Multi-Head Attention — Complete Cost (for batch size $B$)
Component Parameters FLOPs (per sample)
Q, K, V projections (all heads combined) $3d^2$ $3 \times 2nd^2 = 6nd^2$
Attention scores (all heads) 0 $h \times 2n^2(d/h) = 2n^2 d$
Softmax (all heads) 0 $h \times 5n^2 = 5hn^2$
Value weighting (all heads) 0 $h \times 2n^2(d/h) = 2n^2 d$
Output projection $\bm{W}_O$ $d^2$ $2nd^2$
Total MHA $\mathbf{4d^2}$ $\mathbf{8nd^2 + 4n^2 d + 5hn^2}$

The dominant terms are the linear projections ($8nd^2$) and the attention computation ($4n^2d$). For short sequences ($n \ll d$), the projections dominate. For long sequences ($n \gg d$), the quadratic attention term dominates.

Crossover point: $8nd^2 = 4n^2d$ → $n = 2d$. For $d = 768$ (BERT-base), the crossover is at $n = 1{,}536$ tokens.

Attention Memory — The $n^2$ Problem

The attention matrix $\bm{A} \in \R^{B \times h \times n \times n}$ must be stored for backpropagation.

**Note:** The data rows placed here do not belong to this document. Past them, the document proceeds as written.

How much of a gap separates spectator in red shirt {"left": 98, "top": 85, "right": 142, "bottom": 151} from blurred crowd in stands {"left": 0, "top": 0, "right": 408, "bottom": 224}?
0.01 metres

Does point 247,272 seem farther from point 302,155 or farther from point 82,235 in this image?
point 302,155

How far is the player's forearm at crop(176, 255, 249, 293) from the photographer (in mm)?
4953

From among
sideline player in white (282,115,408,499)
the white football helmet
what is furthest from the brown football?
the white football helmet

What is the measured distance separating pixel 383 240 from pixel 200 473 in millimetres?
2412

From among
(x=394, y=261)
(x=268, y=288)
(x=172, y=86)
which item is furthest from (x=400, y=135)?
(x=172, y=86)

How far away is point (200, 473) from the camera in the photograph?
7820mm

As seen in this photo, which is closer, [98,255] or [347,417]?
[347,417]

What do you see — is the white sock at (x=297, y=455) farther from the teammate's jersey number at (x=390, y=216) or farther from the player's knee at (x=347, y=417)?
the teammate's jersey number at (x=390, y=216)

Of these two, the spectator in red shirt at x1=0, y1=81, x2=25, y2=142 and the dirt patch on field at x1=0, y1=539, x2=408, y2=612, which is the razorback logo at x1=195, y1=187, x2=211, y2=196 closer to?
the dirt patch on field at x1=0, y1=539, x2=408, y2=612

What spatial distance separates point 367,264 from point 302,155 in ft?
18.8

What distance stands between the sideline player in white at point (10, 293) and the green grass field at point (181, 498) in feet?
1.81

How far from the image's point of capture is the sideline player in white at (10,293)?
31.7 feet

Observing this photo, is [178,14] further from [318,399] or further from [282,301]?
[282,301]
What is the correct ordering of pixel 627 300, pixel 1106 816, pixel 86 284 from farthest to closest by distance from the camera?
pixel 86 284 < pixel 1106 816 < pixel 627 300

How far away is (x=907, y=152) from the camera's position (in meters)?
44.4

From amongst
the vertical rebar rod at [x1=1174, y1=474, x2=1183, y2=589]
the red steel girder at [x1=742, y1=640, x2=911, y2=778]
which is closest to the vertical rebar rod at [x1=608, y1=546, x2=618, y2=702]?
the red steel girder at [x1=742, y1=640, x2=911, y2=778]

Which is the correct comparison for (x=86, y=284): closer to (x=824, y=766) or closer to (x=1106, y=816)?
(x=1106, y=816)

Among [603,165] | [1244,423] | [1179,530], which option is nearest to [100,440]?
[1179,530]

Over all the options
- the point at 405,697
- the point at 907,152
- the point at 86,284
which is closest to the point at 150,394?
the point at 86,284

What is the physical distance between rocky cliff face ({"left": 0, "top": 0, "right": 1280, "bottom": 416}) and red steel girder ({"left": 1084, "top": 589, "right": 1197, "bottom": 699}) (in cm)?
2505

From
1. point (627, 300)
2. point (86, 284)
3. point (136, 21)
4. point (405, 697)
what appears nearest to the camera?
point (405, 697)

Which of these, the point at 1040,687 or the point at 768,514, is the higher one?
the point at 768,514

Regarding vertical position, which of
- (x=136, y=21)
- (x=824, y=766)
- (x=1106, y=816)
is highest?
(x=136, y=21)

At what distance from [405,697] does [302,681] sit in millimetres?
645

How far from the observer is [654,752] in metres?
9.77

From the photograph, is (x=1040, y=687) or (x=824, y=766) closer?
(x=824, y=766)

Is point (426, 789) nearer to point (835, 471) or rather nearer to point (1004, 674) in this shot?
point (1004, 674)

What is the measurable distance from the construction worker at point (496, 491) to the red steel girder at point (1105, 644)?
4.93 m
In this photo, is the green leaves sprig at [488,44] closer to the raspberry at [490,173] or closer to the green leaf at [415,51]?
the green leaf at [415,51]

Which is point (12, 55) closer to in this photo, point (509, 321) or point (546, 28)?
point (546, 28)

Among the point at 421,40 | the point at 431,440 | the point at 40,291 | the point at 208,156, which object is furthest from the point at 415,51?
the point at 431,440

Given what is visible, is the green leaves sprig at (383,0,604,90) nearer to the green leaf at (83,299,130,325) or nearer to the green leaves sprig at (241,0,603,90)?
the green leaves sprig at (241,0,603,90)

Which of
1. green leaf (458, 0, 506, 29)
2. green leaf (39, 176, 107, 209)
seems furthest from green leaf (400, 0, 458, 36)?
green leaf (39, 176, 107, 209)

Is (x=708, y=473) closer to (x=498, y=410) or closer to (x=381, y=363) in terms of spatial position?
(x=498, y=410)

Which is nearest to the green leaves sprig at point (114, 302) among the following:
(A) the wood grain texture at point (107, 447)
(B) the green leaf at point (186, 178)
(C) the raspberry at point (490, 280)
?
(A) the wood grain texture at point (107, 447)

$$\text{Attention matrix memory} = B \times h \times n^2 \times \text{bytes\_per\_element}$$

For GPT-3 scale: $B=1$, $h=96$, $n=2048$, FP16: $1 \times 96 \times 2048^2 \times 2 = 805$ MB — just for one layer's attention matrix. With 96 layers, this is 75 GB for attention matrices alone.

22.3 Position-Wise Feed-Forward Network (FFN)

FFN Block
$$\text{FFN}(\bm{x}) = \text{GELU}(\bm{x}\bm{W}_1 + \bm{b}_1)\bm{W}_2 + \bm{b}_2$$

where $\bm{W}_1 \in \R^{d \times d_{\text{ff}}}$, $\bm{W}_2 \in \R^{d_{\text{ff}} \times d}$, and typically $d_{\text{ff}} = 4d$.

FFN — Computational Cost
Component Parameters FLOPs (per sample)
$\bm{x}\bm{W}_1 + \bm{b}_1$ (expand) $d \cdot d_{\text{ff}} + d_{\text{ff}}$ $2n \cdot d \cdot d_{\text{ff}}$
GELU activation 0 $\approx 14 \cdot n \cdot d_{\text{ff}}$
$\bm{h}\bm{W}_2 + \bm{b}_2$ (project back) $d_{\text{ff}} \cdot d + d$ $2n \cdot d_{\text{ff}} \cdot d$
Total FFN $\mathbf{2d \cdot d_{\text{ff}} + d_{\text{ff}} + d}$ $\approx \mathbf{4nd \cdot d_{\text{ff}}}$

With $d_{\text{ff}} = 4d$: Parameters = $8d^2 + 5d \approx 8d^2$. FLOPs = $16nd^2$.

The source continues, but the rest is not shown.